Running Jobs via Pegasus
Introduction¶
This page provides researchers with the necessary resources to learn about running jobs on Neocortex using the Pegasus Workflow Management System. Pegasus streamlines complex workflows, making it easier to manage and execute computational tasks on high-performance computing (HPC) resources like Neocortex.
By utilizing Pegasus, researchers can achieve multiple benefits:
- Workflow Management Efficiency: Automate complex workflows, saving time and reducing errors.
- Scalability: Manage workflows of varying sizes efficiently on Neocortex's parallel computing resources.
- Reproducibility: Ensure the consistent and repeatable execution of workflows across different runs.
- Data Provenance Tracking: Keep track of the origin and processing steps of data used in the workflow, enhancing accuracy and transparency.
Self-Guided Learning Resources¶
Before scheduling a specialized training session with the Pegasus team, we recommend familiarizing yourself with the following resources (mainly the ACCESS Pegasus Overview item):
- ACCESS Pegasus Overview: This resource offers a high-level introduction to Pegasus, its key features, and its benefits for research workflows.
- ACCESS Pegasus Documentation: This in-depth documentation delves into the practical aspects of using Pegasus on ACCESS, including specific configuration details and code examples relevant to Neocortex.

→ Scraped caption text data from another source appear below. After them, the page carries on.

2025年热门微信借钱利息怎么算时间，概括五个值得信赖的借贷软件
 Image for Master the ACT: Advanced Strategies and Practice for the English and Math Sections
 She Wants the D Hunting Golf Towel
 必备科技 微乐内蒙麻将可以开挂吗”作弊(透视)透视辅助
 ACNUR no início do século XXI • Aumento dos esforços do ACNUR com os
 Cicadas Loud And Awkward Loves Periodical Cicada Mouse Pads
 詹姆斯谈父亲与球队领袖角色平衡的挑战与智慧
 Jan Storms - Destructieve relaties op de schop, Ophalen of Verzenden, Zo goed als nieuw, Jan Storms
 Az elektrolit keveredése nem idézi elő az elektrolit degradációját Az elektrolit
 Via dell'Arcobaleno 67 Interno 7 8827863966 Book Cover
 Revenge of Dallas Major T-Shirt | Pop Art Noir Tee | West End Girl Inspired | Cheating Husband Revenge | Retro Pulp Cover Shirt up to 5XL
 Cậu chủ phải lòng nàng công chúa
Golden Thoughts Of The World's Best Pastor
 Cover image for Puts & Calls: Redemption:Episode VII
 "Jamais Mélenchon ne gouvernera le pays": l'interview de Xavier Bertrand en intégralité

- Pegasus User Guide: The official Pegasus User Guide provides comprehensive documentation on Pegasus's functionalities, architecture, installation, and usage. This guide is a valuable resource for researchers who want a deeper understanding of the system.
Next Steps¶
Once you have reviewed the self-guided learning resources and feel comfortable with the basic concepts of Pegasus, you can schedule a specialized training session (office hour) with the Pegasus team for more advanced topics or specific Neocortex configurations.
Launching Pegasus Jobs on Neocortex¶
The Pegasus Workflow Management System can be used on Neocortex in two different interfaces: a command line (CLI), or through Jupyter Notebook.
The Neocortex team initially focused on getting the CLI version going by going, so please use that one while we finish deploying the Jupyter Notebook option.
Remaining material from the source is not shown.